**Task item**: Repeat exactly the lines of the records below, starting at the line containing "8A - 400 Laurier" and ending at the line containing "Jaked Costume da gara JKATANA Sconto". Leave the pictures out.

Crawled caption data
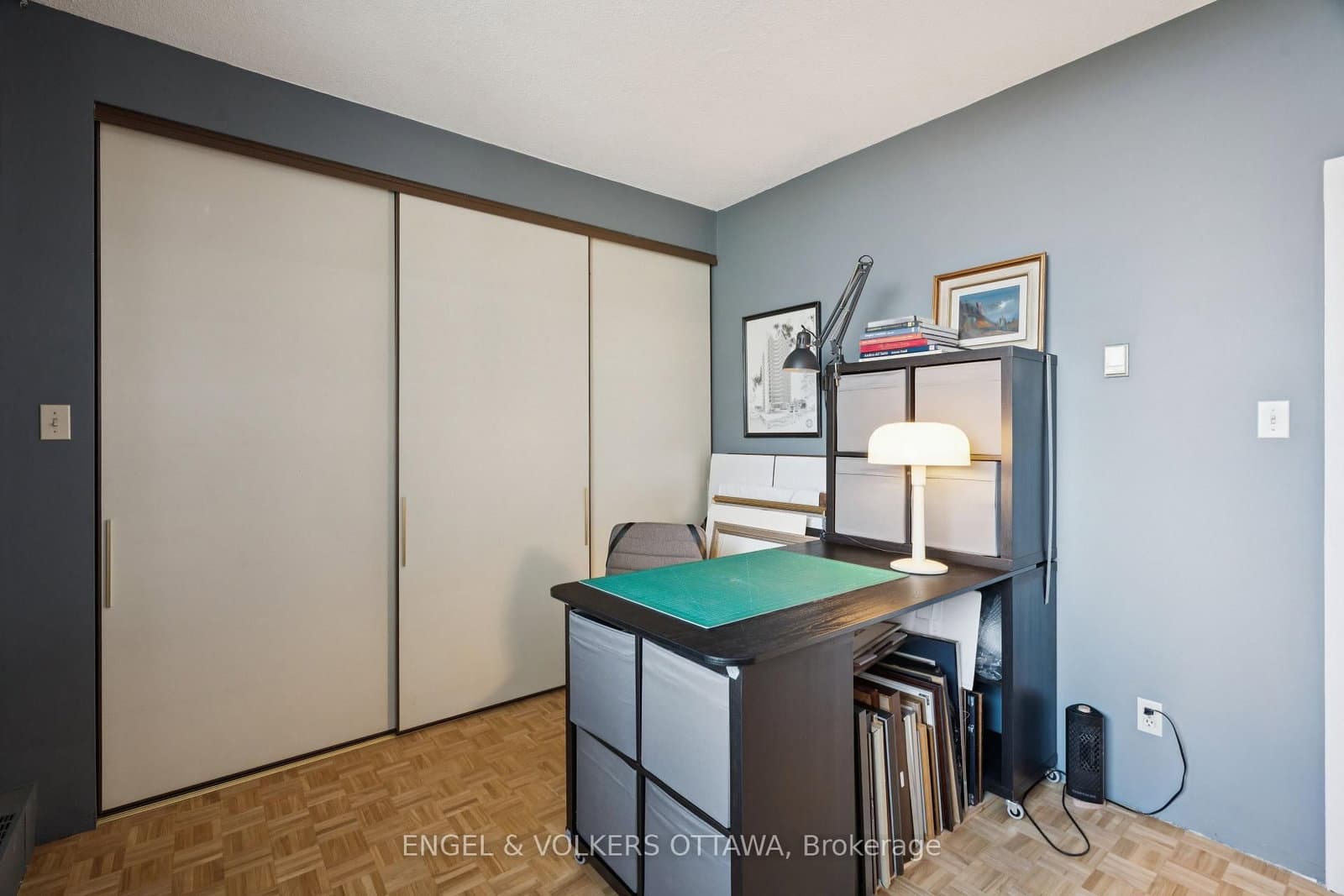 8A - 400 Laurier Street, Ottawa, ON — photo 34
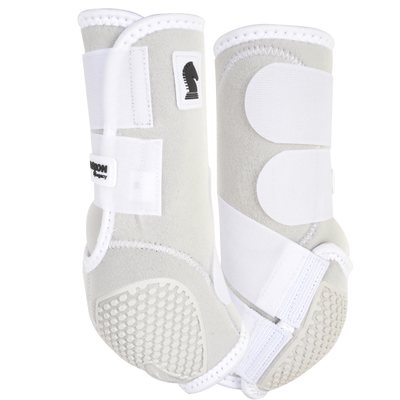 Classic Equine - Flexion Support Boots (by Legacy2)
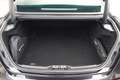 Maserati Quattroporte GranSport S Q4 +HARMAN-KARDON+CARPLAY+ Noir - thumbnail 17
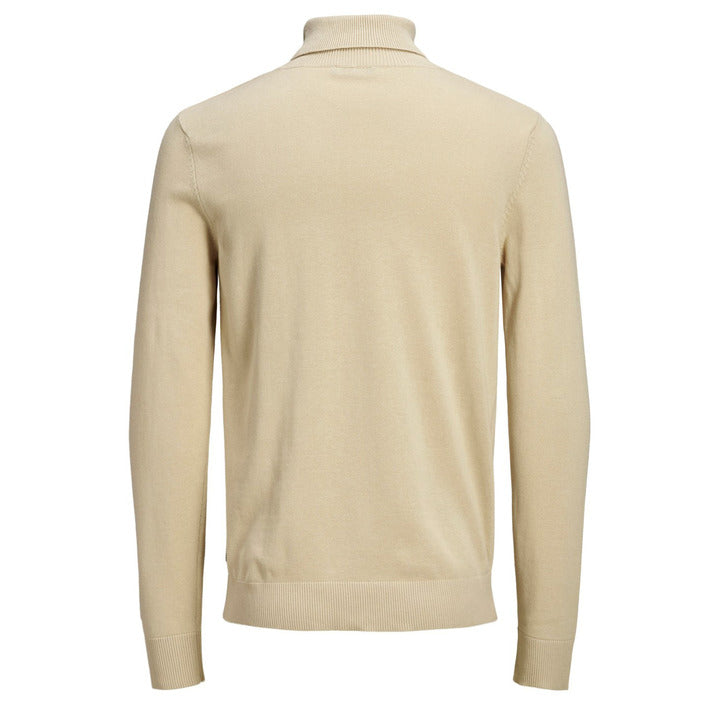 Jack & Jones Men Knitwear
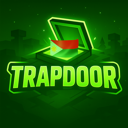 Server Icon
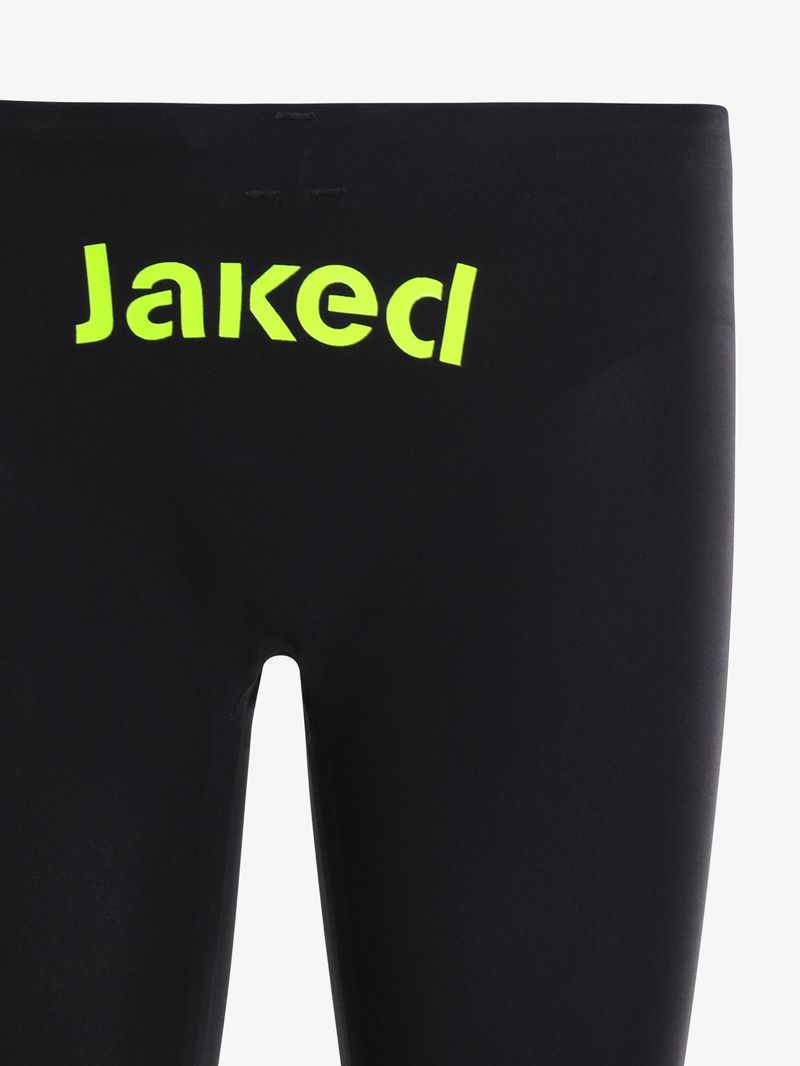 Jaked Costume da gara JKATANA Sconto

* * *

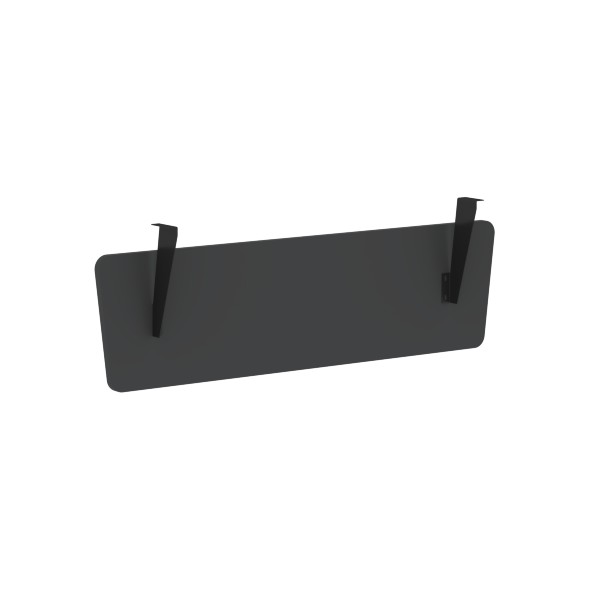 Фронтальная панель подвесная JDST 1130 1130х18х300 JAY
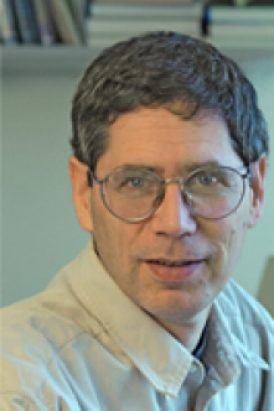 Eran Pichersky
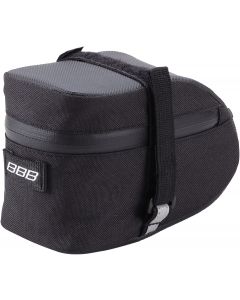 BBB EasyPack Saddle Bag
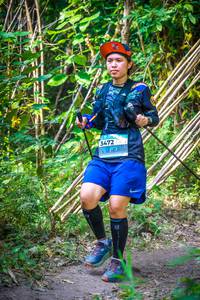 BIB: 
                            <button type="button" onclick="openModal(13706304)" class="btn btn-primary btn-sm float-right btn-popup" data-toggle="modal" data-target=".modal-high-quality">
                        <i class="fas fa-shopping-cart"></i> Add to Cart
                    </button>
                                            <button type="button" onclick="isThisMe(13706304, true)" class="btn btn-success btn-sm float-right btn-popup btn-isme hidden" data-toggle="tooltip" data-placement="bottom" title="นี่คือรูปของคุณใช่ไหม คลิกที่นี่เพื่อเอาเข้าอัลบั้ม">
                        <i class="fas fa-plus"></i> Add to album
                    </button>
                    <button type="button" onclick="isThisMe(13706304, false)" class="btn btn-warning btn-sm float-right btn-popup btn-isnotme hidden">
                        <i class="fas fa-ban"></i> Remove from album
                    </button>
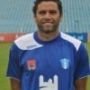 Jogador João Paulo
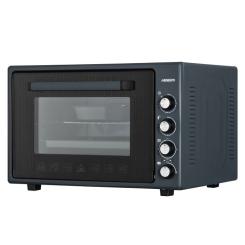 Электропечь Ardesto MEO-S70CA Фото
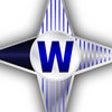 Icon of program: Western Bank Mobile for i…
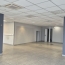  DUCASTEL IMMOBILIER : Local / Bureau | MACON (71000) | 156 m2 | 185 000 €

**Response to the exercise**:
 8A - 400 Laurier Street, Ottawa, ON — photo 34
 Classic Equine - Flexion Support Boots (by Legacy2)
 Maserati Quattroporte GranSport S Q4 +HARMAN-KARDON+CARPLAY+ Noir - thumbnail 17
 Jack & Jones Men Knitwear
 Server Icon
 Jaked Costume da gara JKATANA Sconto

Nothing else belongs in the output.